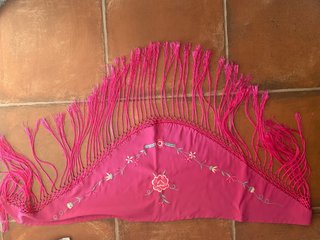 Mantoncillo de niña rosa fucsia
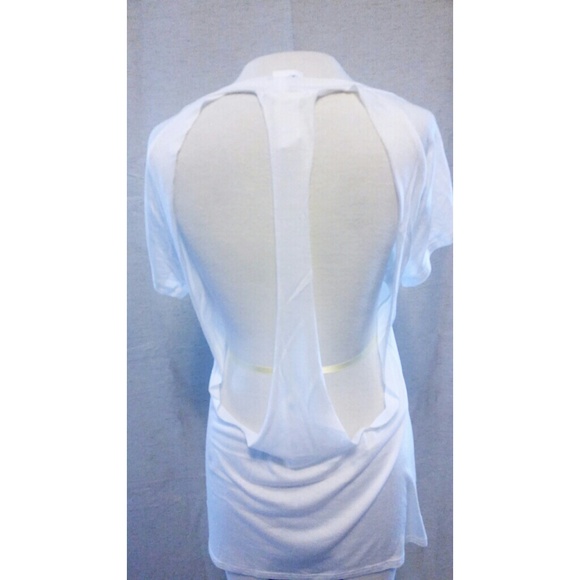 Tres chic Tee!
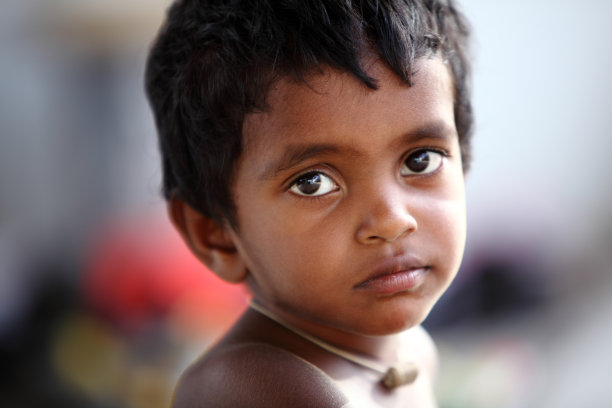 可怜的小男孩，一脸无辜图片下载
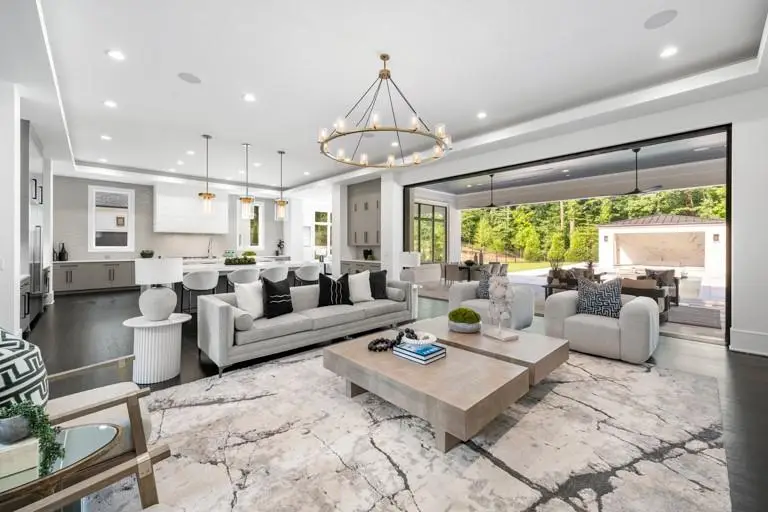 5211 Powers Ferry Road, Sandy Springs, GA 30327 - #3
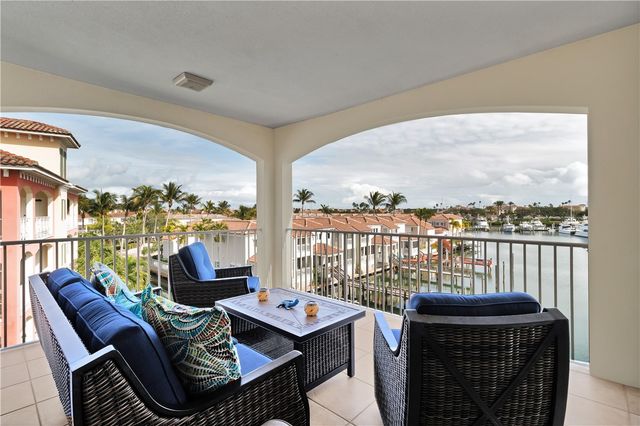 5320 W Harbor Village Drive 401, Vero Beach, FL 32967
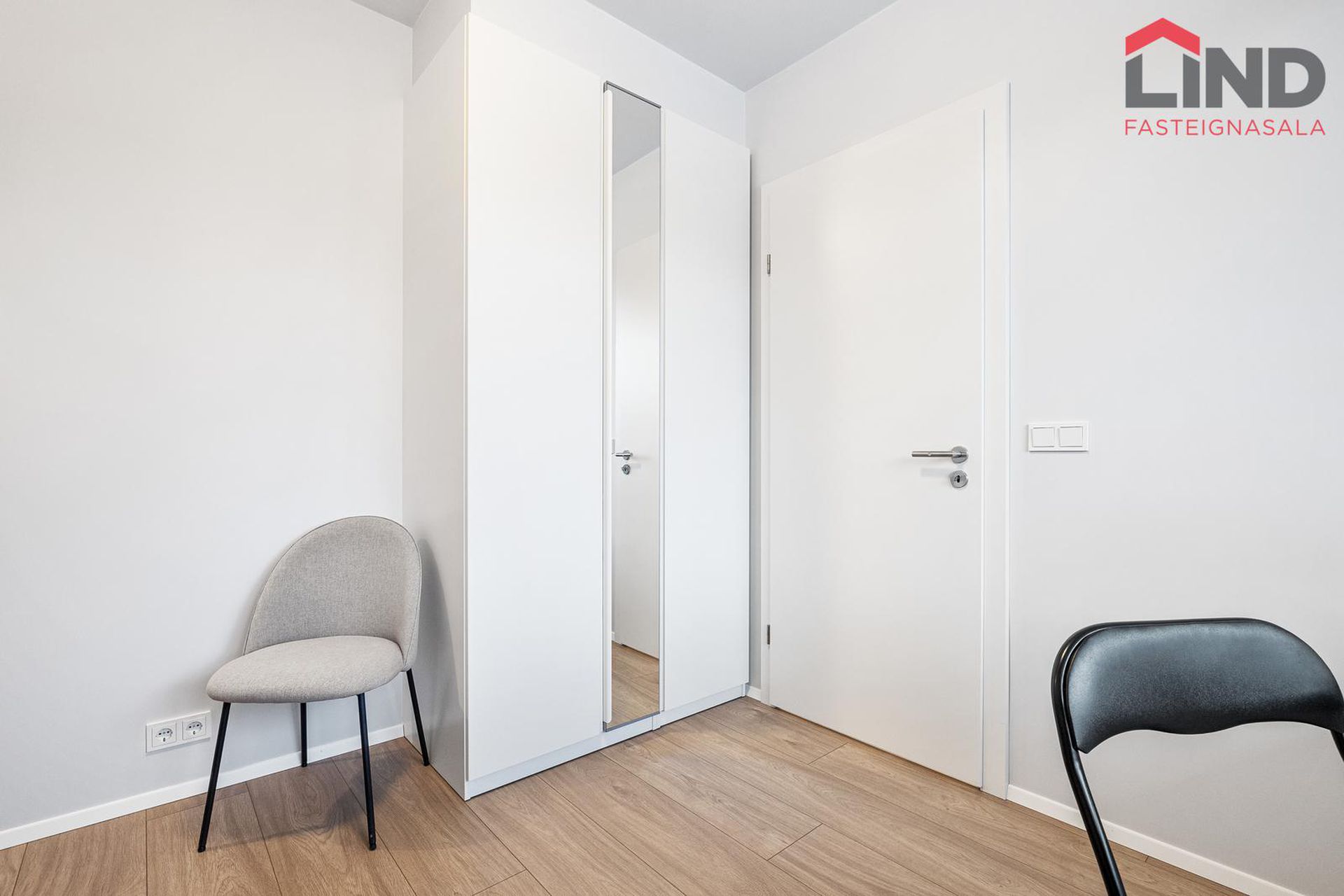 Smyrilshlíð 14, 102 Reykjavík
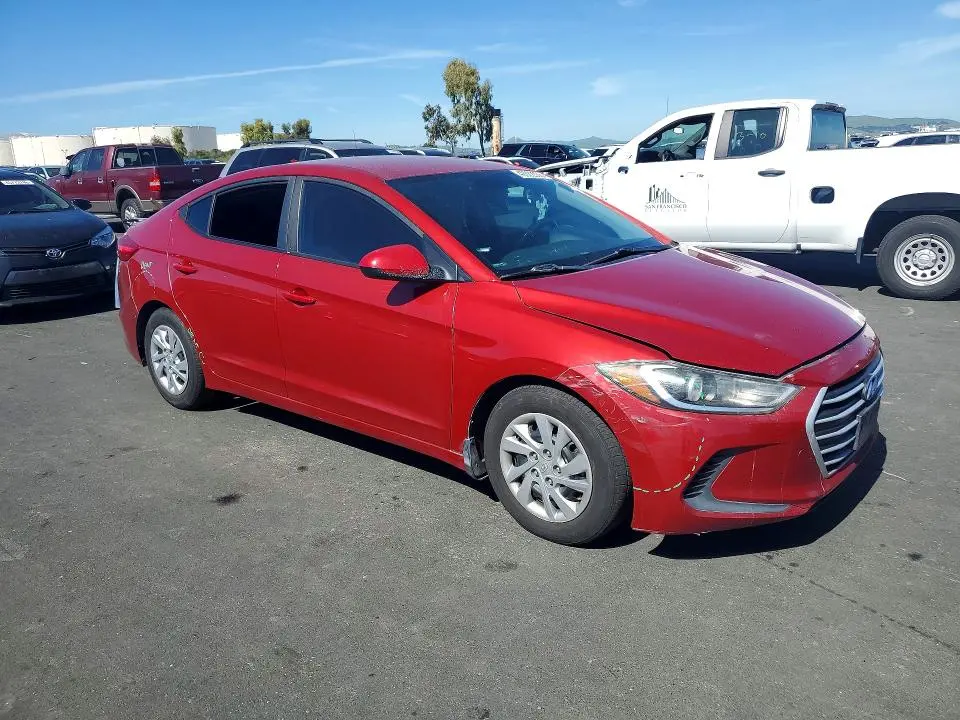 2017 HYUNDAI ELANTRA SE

#####

Leave out the pictures, and write out all the remaining data above exactly.

 Mantoncillo de niña rosa fucsia
 Tres chic Tee!
 可怜的小男孩，一脸无辜图片下载
 5211 Powers Ferry Road, Sandy Springs, GA 30327 - #3
 5320 W Harbor Village Drive 401, Vero Beach, FL 32967
 Smyrilshlíð 14, 102 Reykjavík
 2017 HYUNDAI ELANTRA SE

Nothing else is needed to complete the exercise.